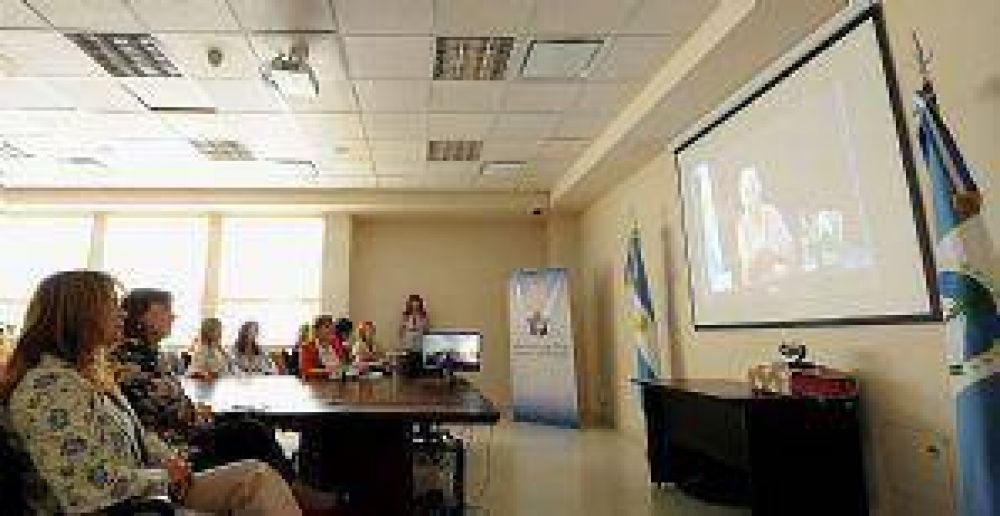 "Debemos romper con los estereotipos�, dijo Argibay en Neuqu�n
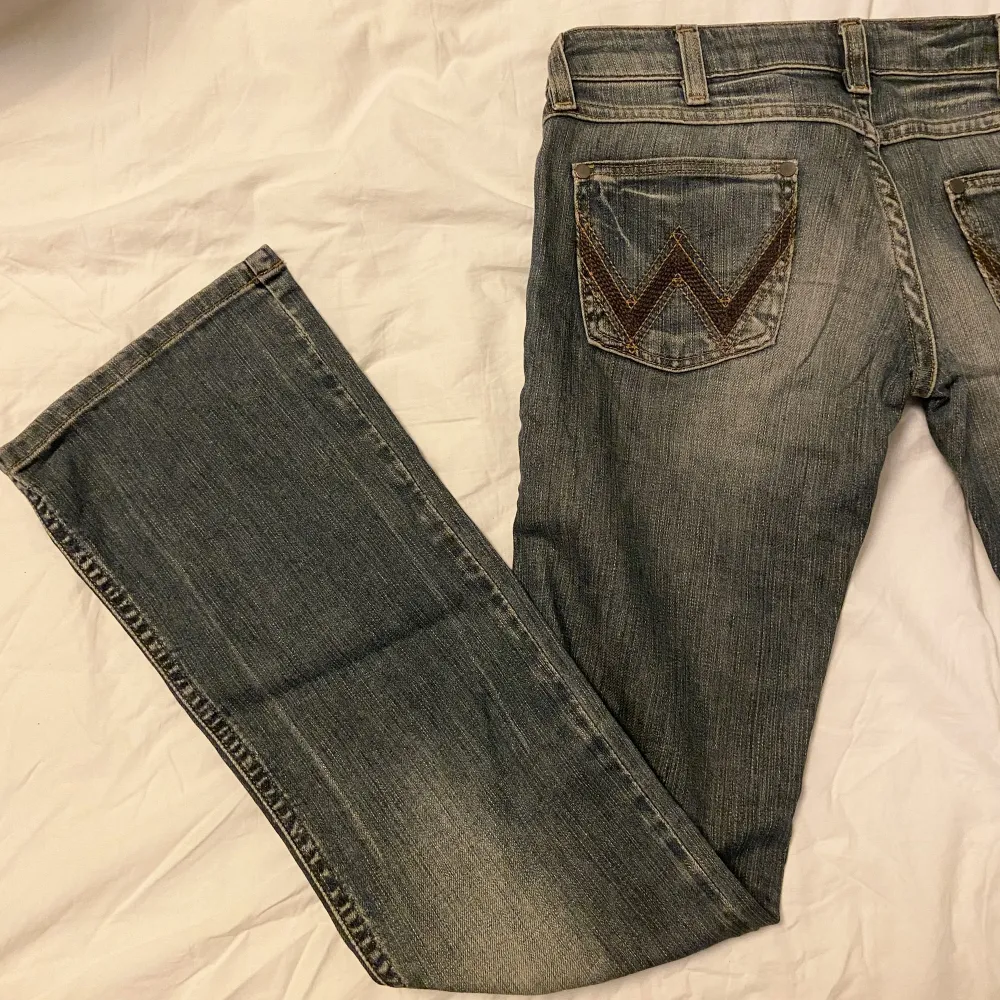Så himla snygga bootcutjeans från Wrangler, lågmidjade🥰🥰storlek 34. Jeans & Byxor.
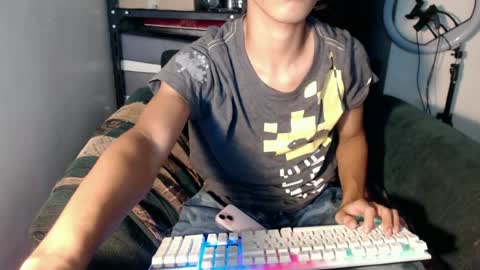 laurence_cuttieguyhere online show from 07-07-26, 04:37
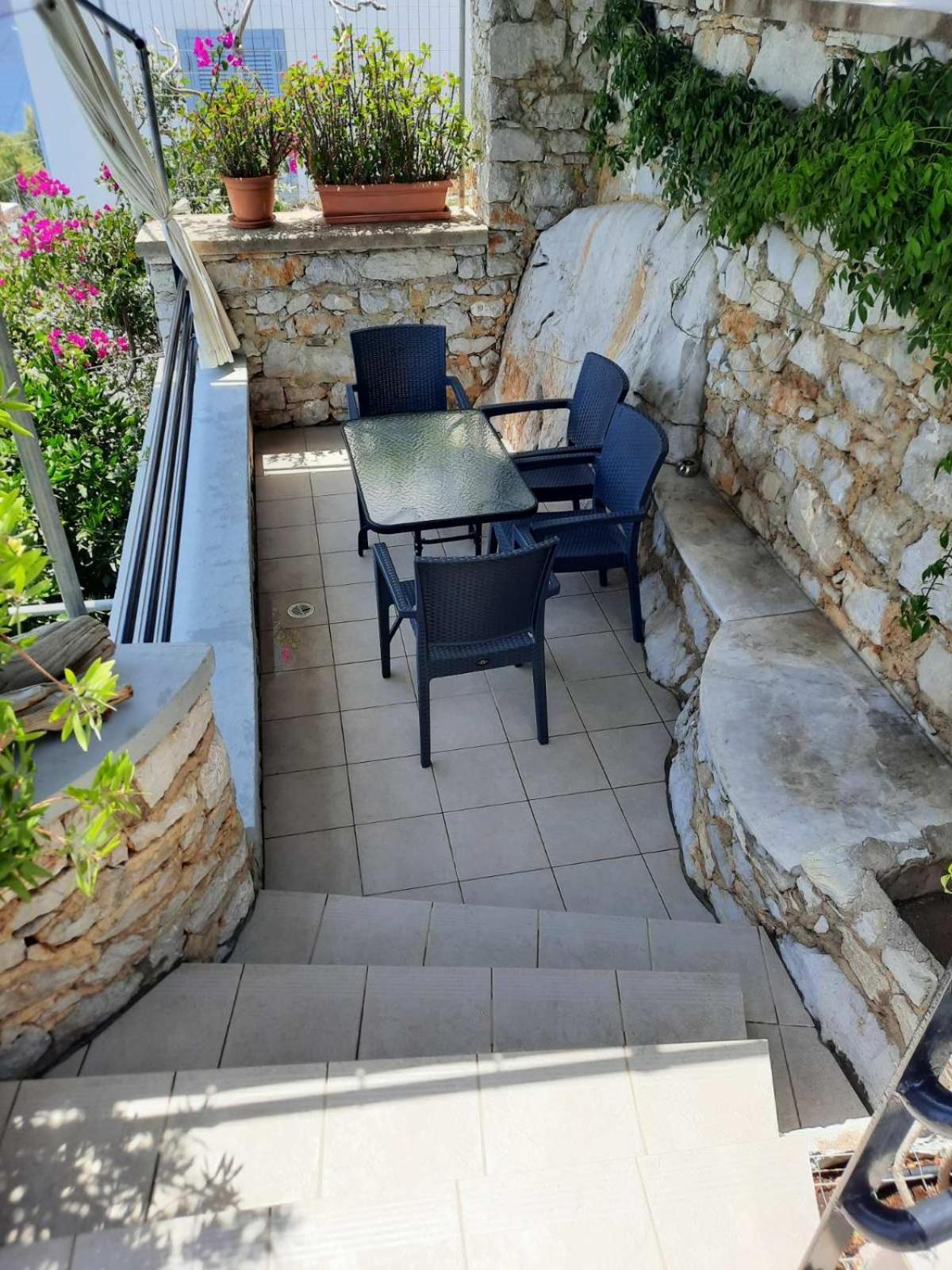 Margaritas Apartments Сими Екстериор снимка
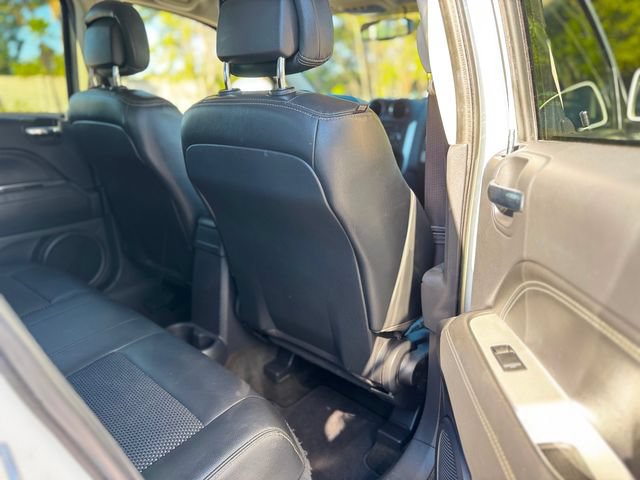 Used 2017 Jeep Compass Latitude FWD image 31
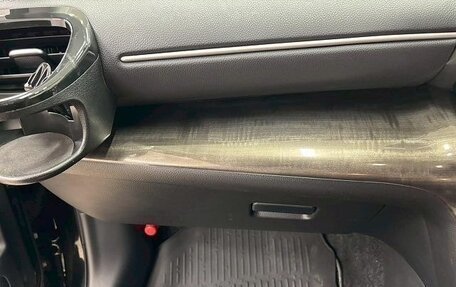 Toyota Yaris, 2022 год, 1 460 000 рублей, 33 фотография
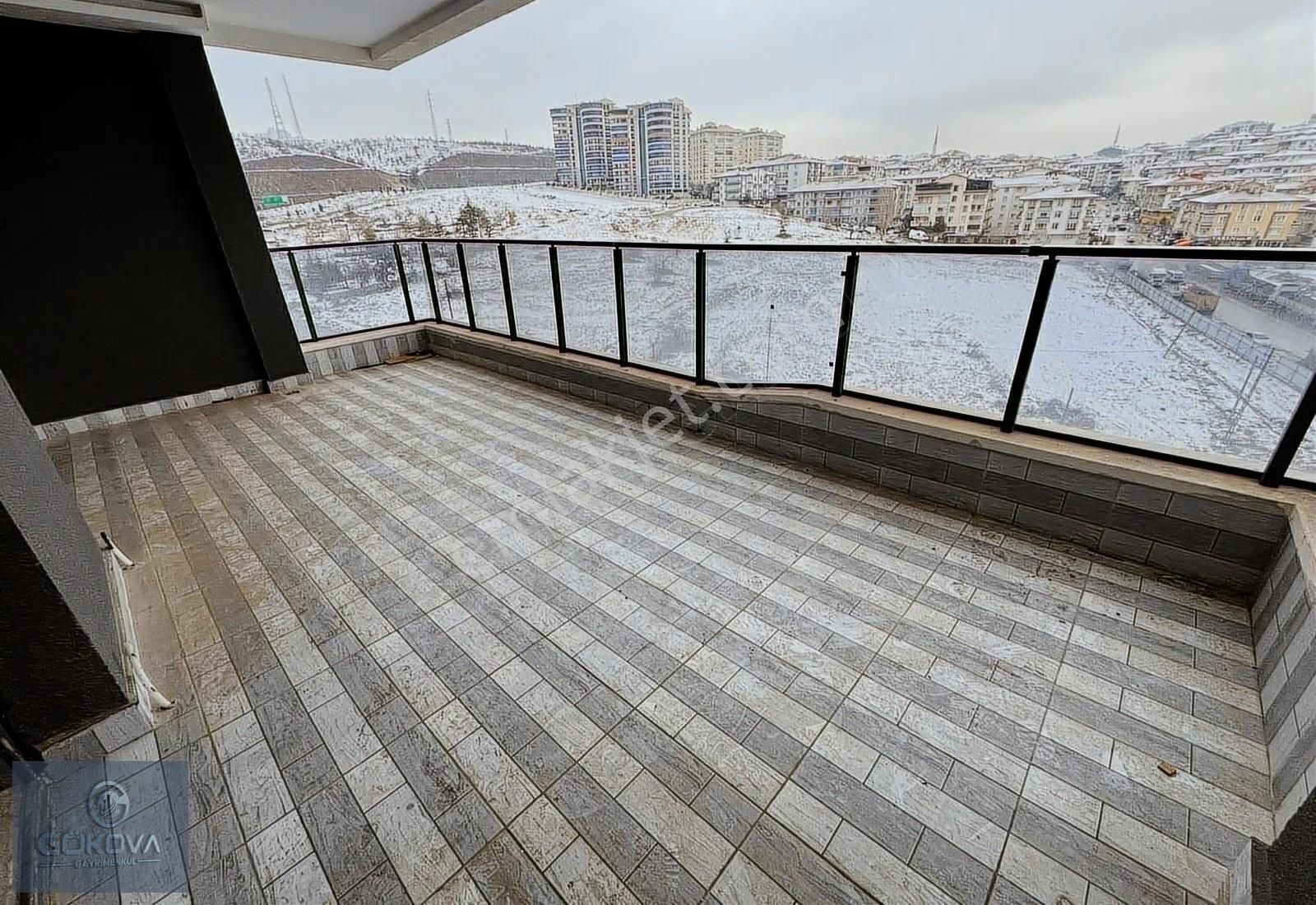 Başkent Caddesin Tam Donanımlı Site Dairesi - Görsel 16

- - -

* [Task directions]: Repeat the lines of the records verbatim, starting at the line containing "Margaritas Apartments Сими Екстериор снимка" and stopping after the final line. Images stay out.

* [Output below]:
 Margaritas Apartments Сими Екстериор снимка
 Used 2017 Jeep Compass Latitude FWD image 31
 Toyota Yaris, 2022 год, 1 460 000 рублей, 33 фотография
 Başkent Caddesin Tam Donanımlı Site Dairesi - Görsel 16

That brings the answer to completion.